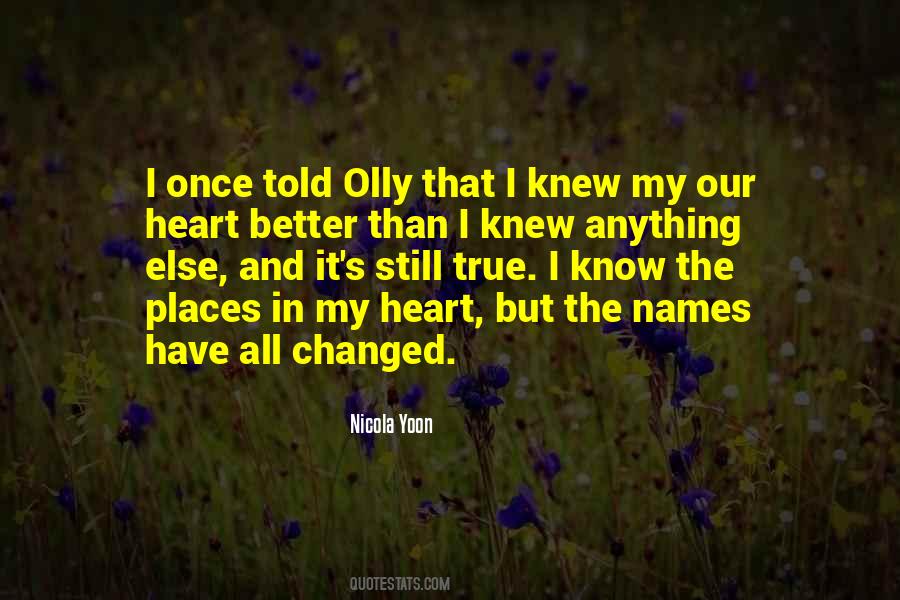 Quotes About I Have Changed #87615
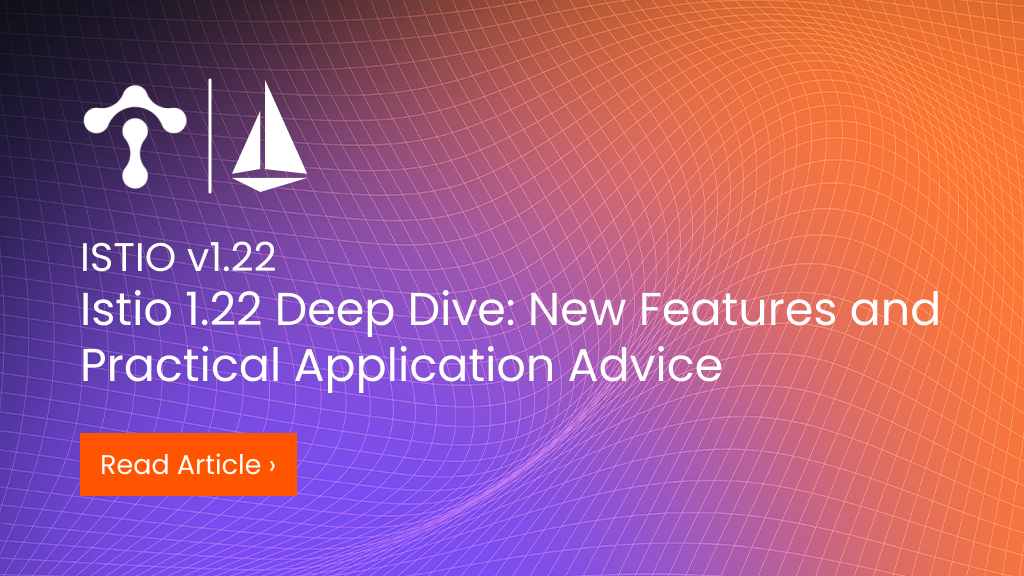 Istio%201.22%20Deep%20Dive%3A%20New%20Features%20and%20Practical%20Application%20Advice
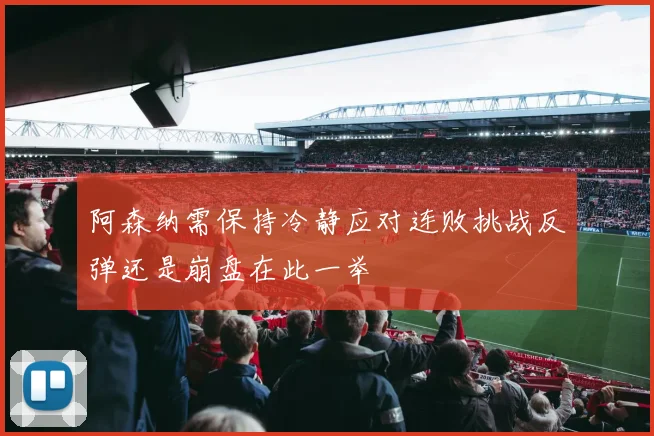 阿森纳需保持冷静应对连败挑战反弹还是崩盘在此一举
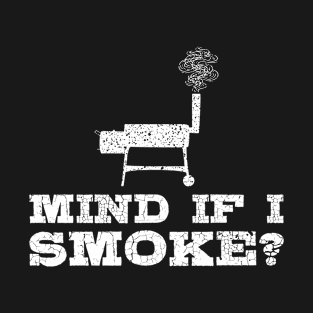 Mind If I Smoke? T-Shirt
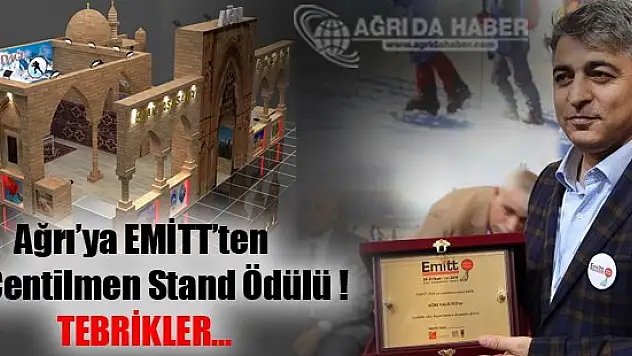 Ağrı İlimiz EMİTT Fuarında En Centilmen Stand Ödülüne Layık Görüldü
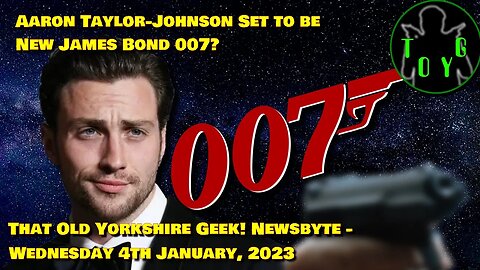 Aaron Taylor-Johnson Set to be New 007? - TOYG! News Byte - 4th January, 2023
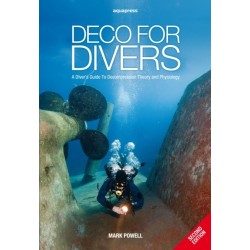Deco for Divers: A Diver's Guide to Decompression Theory and Physiology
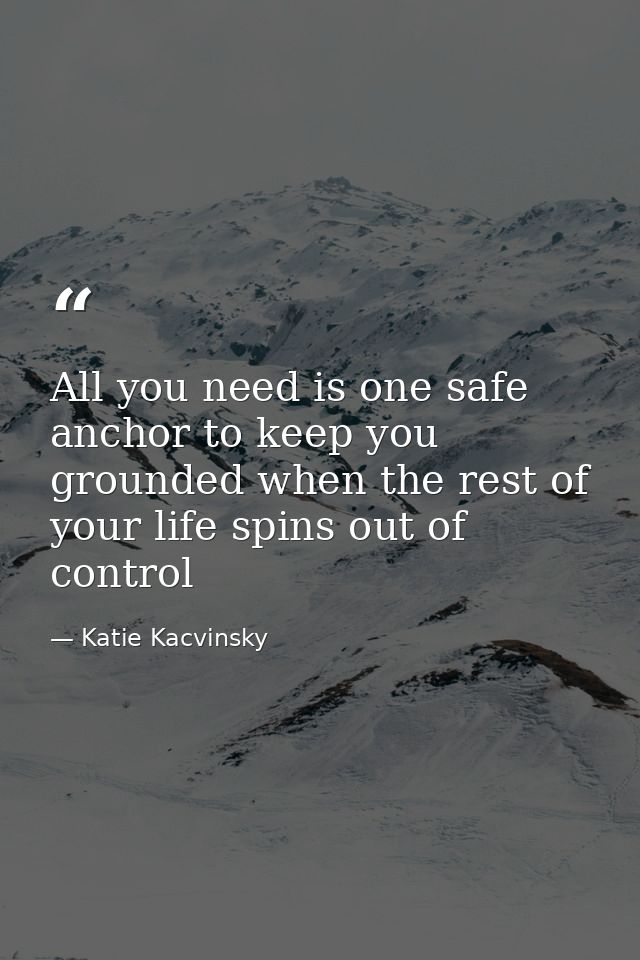 All you need is one safe anchor to keep you grounded when the rest of your life spins out of control — Katie Kacvinsky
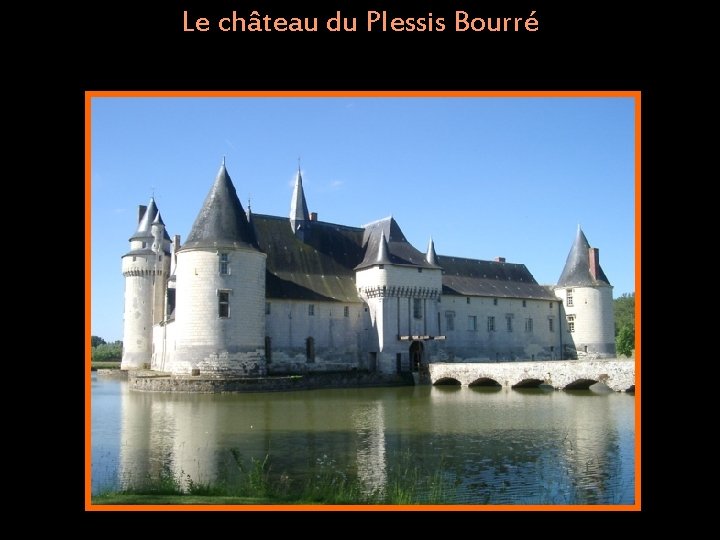 Le château du Plessis Bourré 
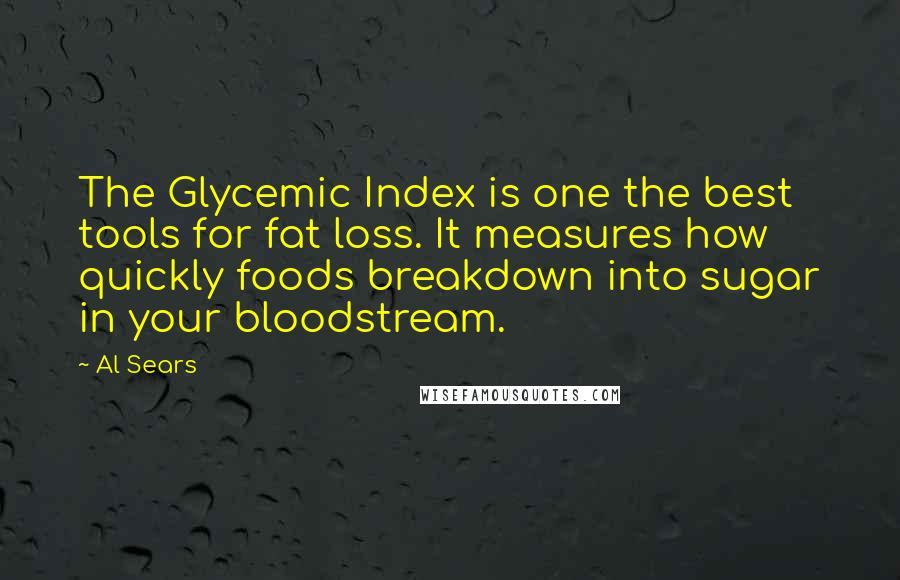 Al Sears Quotes: The Glycemic Index is one the best tools for fat loss. It measures how quickly foods breakdown into sugar in your bloodstream.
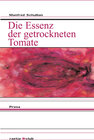 Buchcover Die Essenz der getrockneten Tomate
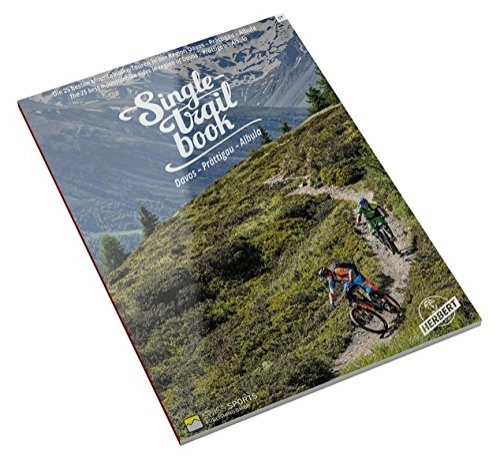Mountainbike-Bücher : Singletrail Book 01: Davos - Prättigau - Albula: Die 25 besten Mountainbike-Touren in der Region Davos - Prättigau - Albula (Singletrail Books / Die ... und attraktivsten Mountainbike-Touren vor.)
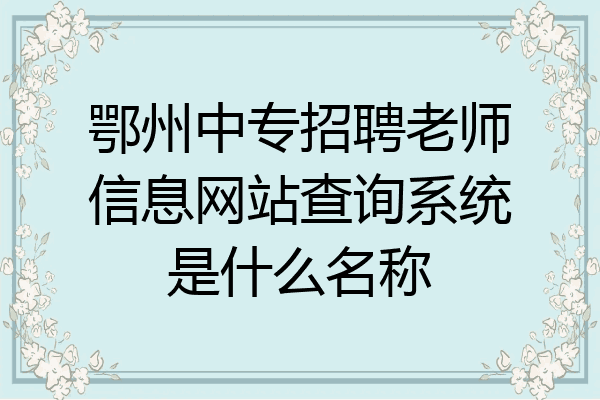 鄂州中专招聘老师信息网站查询系统是什么名称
_ _ _ _ _ _ _
Directions. From the line with "Mountainbike-Bücher : Singletrail" to the final line of the entries above, reproduce each line exactly and nothing else; the pictures stay out.

Task output.
Mountainbike-Bücher : Singletrail Book 01: Davos - Prättigau - Albula: Die 25 besten Mountainbike-Touren in der Region Davos - Prättigau - Albula (Singletrail Books / Die ... und attraktivsten Mountainbike-Touren vor.)
 鄂州中专招聘老师信息网站查询系统是什么名称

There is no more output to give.